そうかそうだった、ファーシリウス様は私の考えてることがわかるんだった。
「…申し訳、いえ私のことで、すか?」
私は謝りかけて、言い直す。
私のことを知りたい?
どんなことを?
「そうだ、今まではリゼットの体調を見てあまり長い時間話をすると、疲れるであろうと思っていたから少し話をするだけにしていたのだ。
だが、もう体調は戻っているようだから、我はそなたが生まれてからどんなふうに生きてきたかを知りたいのだ」
「私が生まれて…どんなふうに?」
その時に私は生まれてからここに来るまでのことを思い出して、胸が詰まり息が苦しくなった。
「大丈夫か?我はリゼットの思念が流れてきて、そなたが今思っていることは伝わってくる。

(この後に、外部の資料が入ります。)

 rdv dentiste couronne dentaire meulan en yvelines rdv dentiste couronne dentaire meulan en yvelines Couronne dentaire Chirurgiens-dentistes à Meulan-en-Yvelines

だが、そなたが生まれてから今までどんなふうに生きてきたかまではわからんのだ。
辛いだろうが…我にすべて教えてくれないか?」
ファーシリウス様が握っている私の手を少し強く握ってきた。
見上げると、ファーシリウス様は優しげにそして心配そうに私をジッと見つめてくる。
何だかそれが慈愛というものが籠もっているように私には見えて、何だかこそばゆく感じた。
私はこの方ならと思い、私が生まれてから今までの日々をあまり人に話すのは得意ではなくて、途切れ途切れになりながらも話していった。
私がすべてを話し終えると、ファーシリウス様が優しく頭を撫でてくれた。
私はファーシリウス様の温かい優しい手に堪え切れず、涙が溢れてきた。
ファーシリウス様が何も言わずキュッと私を抱きしめてくれる。
それが堪らず私は生まれてから記憶にある中で、初めて大きな声を上げて泣いた。